Tuesday, December 20, 2005
Entitlement
Entitlement is not a popular concept, not today anyway.
Listen to any conversation about the urban poor and the idea is bound to come up, usually in a very negative context.
Welfare recipients (and there aren't many left these days, now almost a decade into welfare reform) are "on the dole" and continue to depend on public assistance, thanks to their "entitlement mentality," the conversation goes.
Food stamps, Medicaid, public housing, child care subsidies, even Social Security, are regarded as "entitlement" programs, involving "entitlement spending."
Such thinking is relatively new, dating from the early 1980s.
The notion that the weak, the poor, the infirm, the young, the old, the immigrant, the dispossessed and the left out would receive special, empowering, uplifting benefit from the larger society is rooted in the traditions and the faith of a Judeo-Christian worldview.
It is our current obsession with radical individualism that is modern by definition. This obsession poses grave dangers to our culture, to our urban areas and to our future as a society and a nation.
The Hebrew Bible offers up a much different view and understanding of human "entitlement" in the blessed community.
Consider these examples from the hundreds there are to draw upon:
"The righteous know the rights of the poor; the wicked have no such understanding." (Proverbs 29:7).

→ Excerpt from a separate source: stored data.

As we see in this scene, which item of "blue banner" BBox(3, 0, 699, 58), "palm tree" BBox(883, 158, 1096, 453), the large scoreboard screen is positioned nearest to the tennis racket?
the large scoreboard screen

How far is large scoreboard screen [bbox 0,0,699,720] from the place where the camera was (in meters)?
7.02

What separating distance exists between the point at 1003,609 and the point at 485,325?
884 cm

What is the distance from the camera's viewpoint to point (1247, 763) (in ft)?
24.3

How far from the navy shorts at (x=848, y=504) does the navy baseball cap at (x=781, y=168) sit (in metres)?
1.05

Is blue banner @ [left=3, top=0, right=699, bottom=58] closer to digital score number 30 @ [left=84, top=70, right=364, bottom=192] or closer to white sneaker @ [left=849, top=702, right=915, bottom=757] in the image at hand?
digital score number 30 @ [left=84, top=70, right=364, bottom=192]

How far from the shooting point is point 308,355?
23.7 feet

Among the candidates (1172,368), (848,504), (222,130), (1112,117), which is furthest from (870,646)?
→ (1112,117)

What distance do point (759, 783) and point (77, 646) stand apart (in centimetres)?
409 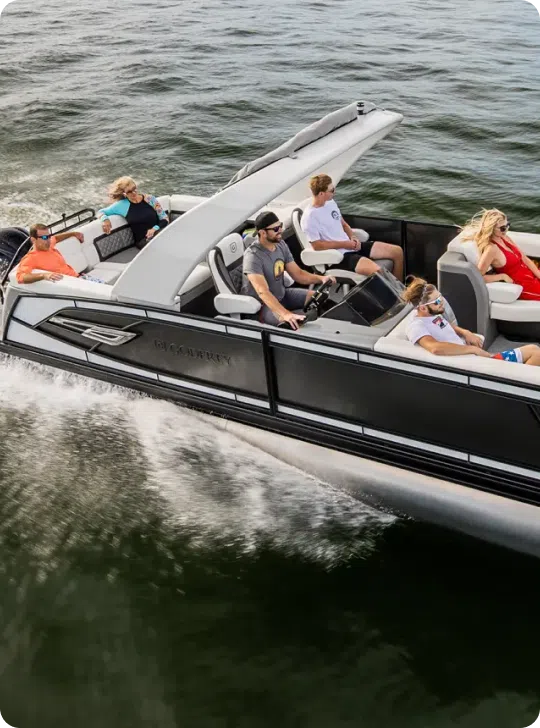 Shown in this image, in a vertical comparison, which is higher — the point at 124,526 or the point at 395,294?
the point at 395,294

"God executes justice for the orphan and the widow, and loves the strangers, providing them food and clothing." (Deut. 10:15)

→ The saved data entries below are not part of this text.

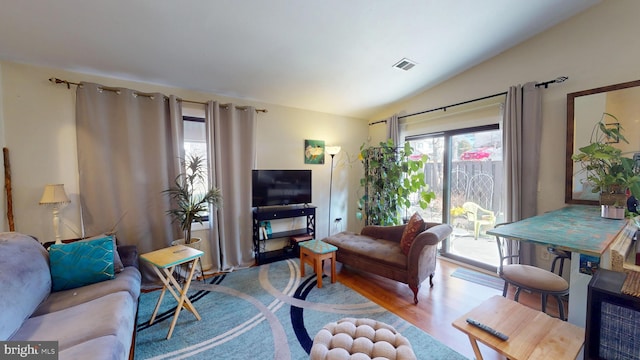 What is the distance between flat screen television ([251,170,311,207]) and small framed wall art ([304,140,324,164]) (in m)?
0.31

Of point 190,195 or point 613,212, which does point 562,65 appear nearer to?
point 613,212

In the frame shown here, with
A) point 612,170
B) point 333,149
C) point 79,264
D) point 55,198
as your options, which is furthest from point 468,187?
point 55,198

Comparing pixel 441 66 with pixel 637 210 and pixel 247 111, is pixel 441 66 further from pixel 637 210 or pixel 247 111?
pixel 247 111

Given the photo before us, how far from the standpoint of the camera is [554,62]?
2580 millimetres

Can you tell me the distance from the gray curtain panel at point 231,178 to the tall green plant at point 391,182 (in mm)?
1982

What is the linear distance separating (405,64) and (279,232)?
10.1ft

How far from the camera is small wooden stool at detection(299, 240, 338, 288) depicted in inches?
109

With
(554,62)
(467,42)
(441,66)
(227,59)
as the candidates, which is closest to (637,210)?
(554,62)

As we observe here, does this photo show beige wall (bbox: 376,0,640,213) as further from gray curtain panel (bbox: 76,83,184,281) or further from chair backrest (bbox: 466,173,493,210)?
gray curtain panel (bbox: 76,83,184,281)

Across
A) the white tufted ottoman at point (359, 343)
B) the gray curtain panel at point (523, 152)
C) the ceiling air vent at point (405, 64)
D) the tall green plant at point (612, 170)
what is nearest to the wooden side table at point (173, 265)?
the white tufted ottoman at point (359, 343)

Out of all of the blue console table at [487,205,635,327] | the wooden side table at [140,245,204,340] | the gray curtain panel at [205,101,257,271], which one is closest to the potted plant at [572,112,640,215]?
the blue console table at [487,205,635,327]

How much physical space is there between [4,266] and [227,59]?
92.5 inches

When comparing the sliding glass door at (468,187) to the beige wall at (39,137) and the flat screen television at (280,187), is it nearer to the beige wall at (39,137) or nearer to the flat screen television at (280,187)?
the flat screen television at (280,187)

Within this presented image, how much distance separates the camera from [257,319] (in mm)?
2188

"Woe to those who make unjust laws, to those who issue oppressive decrees, to deprive the poor of their rights and withhold justice from the oppressed of my people, making widows their prey and robbing the fatherless." (Isaiah 10:1-2).
A growing number of people make much of the supposed Judeo-Christian origins and values of our nation. In opposing any thought of the provision of special "entitlements" for the weak, they cause me to wonder if they really understand the faith and values of historic Judaism or Christianity.
Clearly the mind behind scripture understood the benefits of investing in people who needed a lift due to circumstances, birth, injustice or the failure of social systems.
I believe you are right. I think about Ruth gleaning from the field of Boaz. I think about the resentment many Christian Americans feel toward civil authority expecting any of their productivity being reserved for the poor
ReplyDeleteA disconnect.
Contempt for the poor seems more common than compassion in some current Christian conversation.
THis reminds me of what i have heard about Jimmy Carter's new book. haven't read it, hope to do so. Thanks for the reminder to put this on my list!
ReplyDeleteCouple those scriptures with the principle of Jubilee that the Jews practiced every 50 years (once a generation or so) and it is pretty clear that our Maker did not intend for us to store up vasts amounts of wealth while others in our community are unable to meet their basic needs.
ReplyDeletePerhaps we should be storing up treasures in heaven!